Ludington has long been a destination for cyclists who enjoy exploring the outdoors. The area boasts picturesque shoreline routes with sand-dune panoramas, scenic wooded trails and miles of idyllic rural country roads. With the rising popularity of year-round fat tire biking, gravel road riding and bike-packing, new adventures are opening up that are only limited by your imagination.

Fun Paths for Kids

The Cartier Park Pathway on Lincoln Lake in Ludington is an easily accessible, paved one-mile loop with minimal elevation. It is a great cycling destination for families with young children. Here, kids can also explore fun mountain bike trails built recently.

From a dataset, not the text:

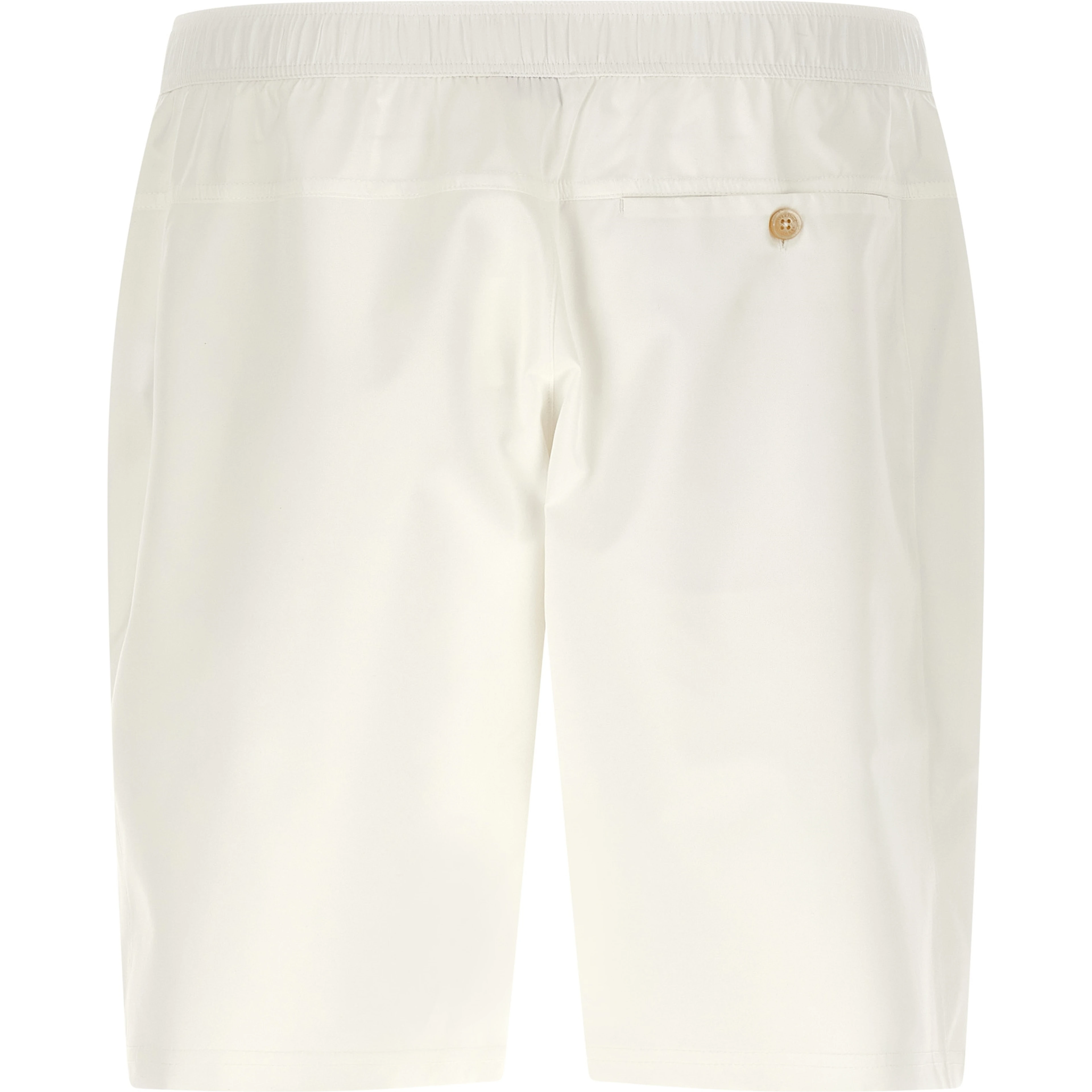 White Polyester Bermuda Shorts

Families love to discover the many treasures of the Ludington State Park by bike. There are paved paths and roads running throughout the park and along the Sable River between the Lake Michigan Beach area and the Hamlin Dam and beach area. There is also a 1.5-mile gravel road for the adventurous that will lead you to the Big Sable Lighthouse.

Be sure not to miss a casual cruise through Stearns Park Beach and the Ludington harbor during the arrival or departure of the S.S. Badger Carferry in the morning or evening.

Scenic Road Route

A visit to Ludington is not complete without a cruise along M-116 to the Ludington State Park. It is one of the most scenic roads in the entire Midwest. On one side of the road are continuous sand dunes, and on the other side, Lake Michigan spans the horizon. Another shoreline route runs along South Lakeshore Drive to Bass Lake and Pentwater. A highlight of this route is crossing the bridge that spans the Ludington Pumped Storage Power Plant, a hydroelectric plant and reservoir built on Lake Michigan. For a more ambitious tour, chart a course on the way back through the orchards and rolling hills south of Ludington. Riders will be awestruck by the scale of the 56 wind turbines comprising Lakewinds Energy Park.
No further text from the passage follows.